É bene ricordare, inoltre, che il legislatore europeo non ha mai ignorato le specificità delle PMI. Il Considerando 13 del GDPR afferma chiaramente che le misure previste devono essere proporzionate ai rischi e alla natura del trattamento, mentre l’art. 30, par. 5 esonera le imprese con meno di 250 dipendenti dal tenere un registro dei trattamenti, salvo che il trattamento:
- possa presentare un rischio per i diritti e le libertà degli interessati;
- non sia occasionale;
- includa categorie particolari di dati o dati relativi a condanne penali e reati.
Ciò che manca, semmai, è un supporto strutturato e una maggiore diffusione della cultura digitale nelle imprese, più che un’ulteriore deroga alla disciplina.

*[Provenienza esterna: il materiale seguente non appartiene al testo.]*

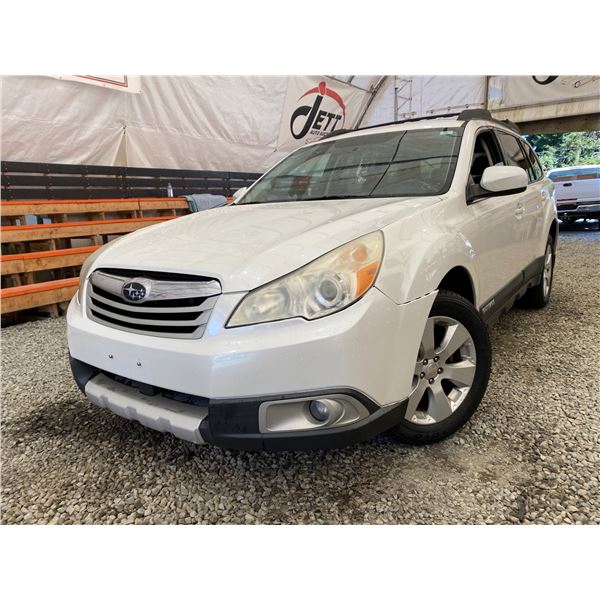 PARKSVILLE - 2010 SUBARU OUTBACK WHITE 301816 KMS - D355876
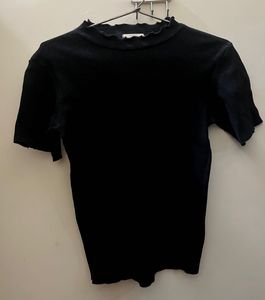 24hr Sale 🔥H&M Black Crop To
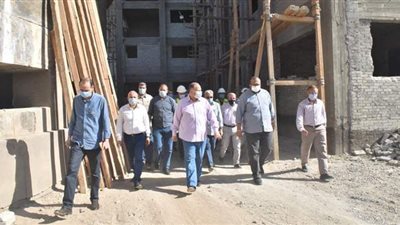 محافظ أسيوط يتفقد أعمال إحلال وتجديد محطة مياه التشيكي | صور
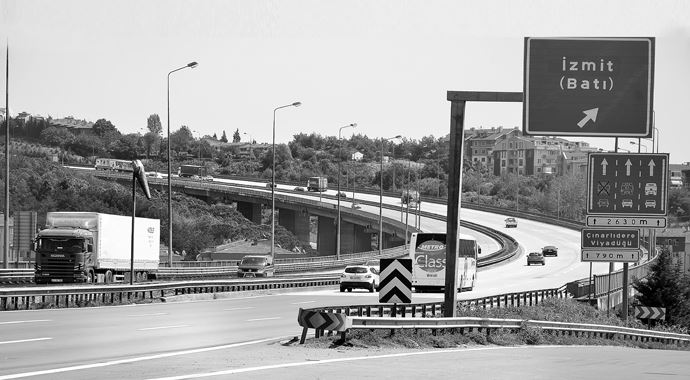 Türkiye'nin en ölümcül yolu akıllanıyor Türkiye'nin en ölümcül yolu akıllanıyor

I rischi di una riforma Gdpr non ben calibrata
Se la semplificazione si traducesse in un indebolimento dei diritti dell’interessato, allora il rischio non sarebbe solo giuridico, ma anche sociale e democratico. Come sottolineato nel Considerando 4 del GDPR, “il diritto alla protezione dei dati personali non è una prerogativa assoluta”, ma va considerato alla luce della sua funzione sociale e del rispetto di altri diritti fondamentali.
Ciò non implica, tuttavia, che debba essere ridimensionato in nome dell’efficienza o della competitività. Soprattutto in un contesto dominato da piattaforme e dispositivi che trattano miliardi di dati in modo automatizzato, e in cui le decisioni automatizzate possono incidere significativamente sulla vita delle persone (art. 22 GDPR), la protezione dei dati si configura come presidio essenziale di libertà.

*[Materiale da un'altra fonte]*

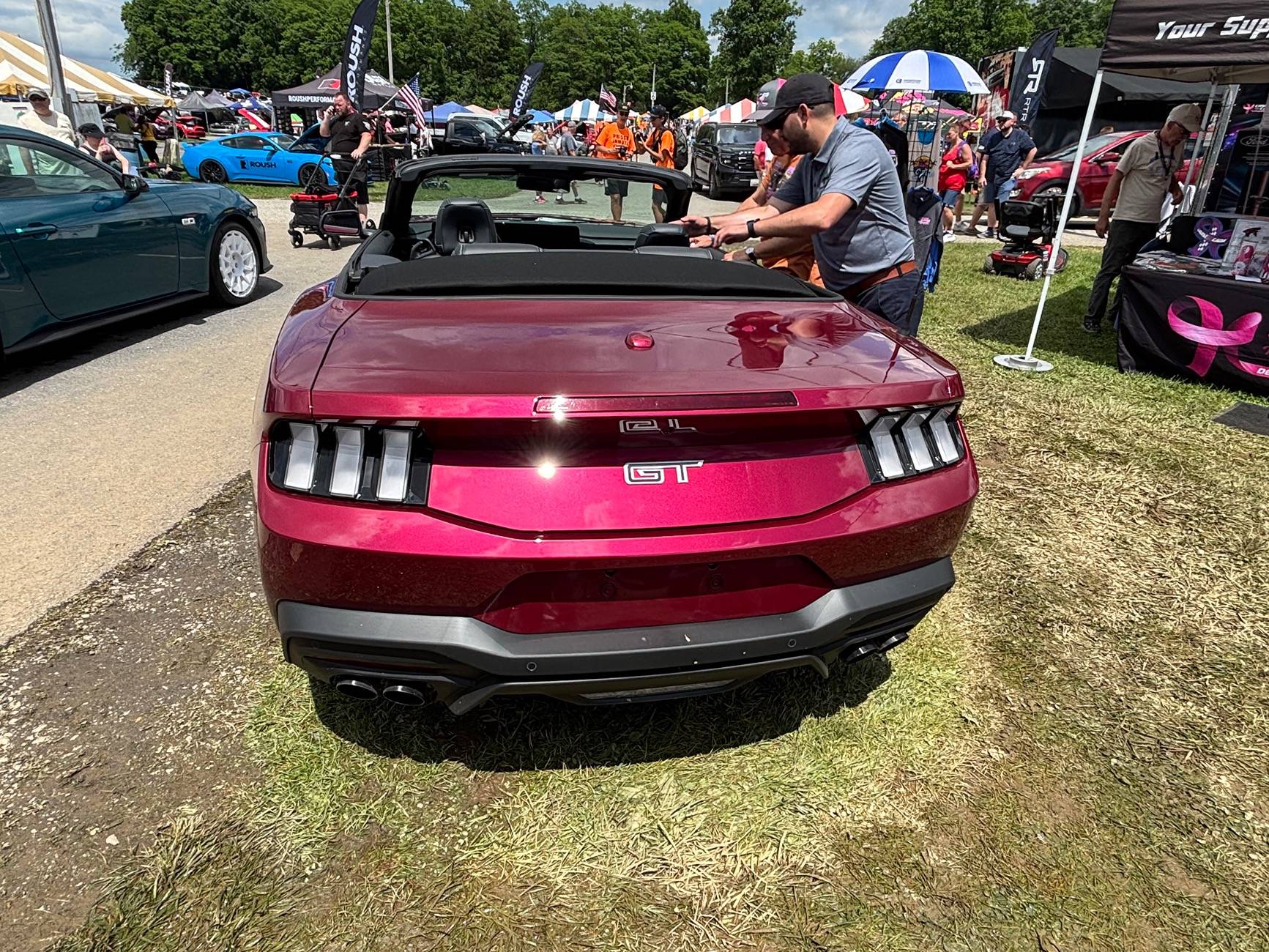 S650 Mustang 2026 order questions - FX package, Recaros, order bank timing... IMG_7662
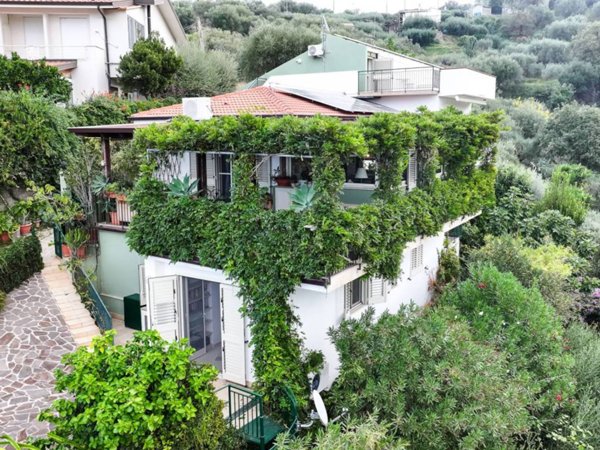 casa indipendente in vendita a Capo d'Orlando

Rinunciare a questo presidio significherebbe esporsi alla possibilità di derive autoritarie, manipolazioni commerciali, controllo sociale e sorveglianza di massa. Non a caso, il GDPR è considerato uno degli strumenti più robusti al mondo per la tutela della persona nell’ambiente digitale.
L’illusione della leggerezza normativa
Alcune proposte circolate informalmente parlano di un possibile abbattimento di obblighi documentali per le PMI, di riduzione dei requisiti di informativa e semplificazione degli adempimenti in fase di raccolta dati. Ma davvero possiamo pensare che il problema della competitività europea risieda nell’art. 13 del GDPR o nell’obbligo di designare un DPO in determinate situazioni?

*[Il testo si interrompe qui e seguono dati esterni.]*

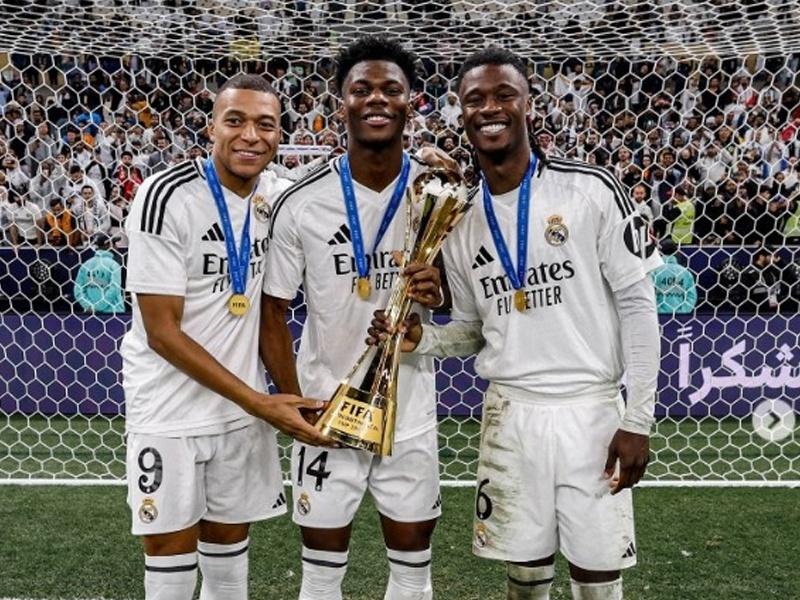 南美足球巨星在英超比赛中表现出色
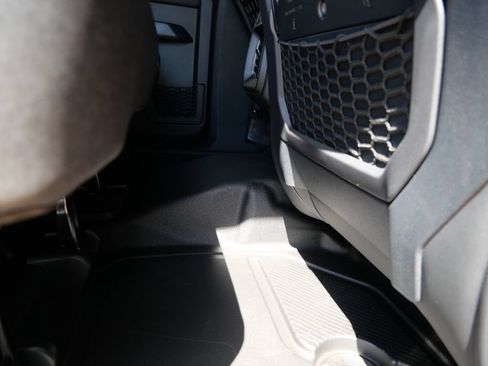 New 2026 Ford Bronco Big Bend w/ Black Diamond Package AWD/4WD image 11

Occorrerebbe, piuttosto, interrogarsi sul grado di maturità digitale del tessuto imprenditoriale europeo, sul ritardo nelle infrastrutture, sulla scarsa integrazione tra innovazione e diritti fondamentali. In questo quadro, la protezione dei dati non è un ostacolo, ma una leva strategicaper costruire fiducia nei servizi digitali, promuovere la trasparenza e garantire sicurezza giuridica.
Conclusioni: modernizzare senza smantellare
La riflessione sulla semplificazione del GDPR è necessaria. Dopo sette anni di applicazione, alcune aree del Regolamento richiedono maggiore chiarezza, altre potrebbero essere adattate meglio al contesto tecnologico attuale, soprattutto con l’emergere dell’intelligenza artificiale e del trattamento predittivo dei dati.
Semplificare non può e non deve significare diluire i principi fondanti. L’eventuale riforma dovrà, a mio avviso, mantenere intatta l’ossatura del GDPR, a partire dall’art. 5, che rappresenta la carta etica e giuridica del trattamento dei dati in Europa.
Semplificare sì, dunque, ma con cautela e ponderazione saggia e attenta degli interessi in gioco perché la tutela dei dati non è un orpello giuridico ma l’architrave di una società digitale che voglia definirsi veramente democratica.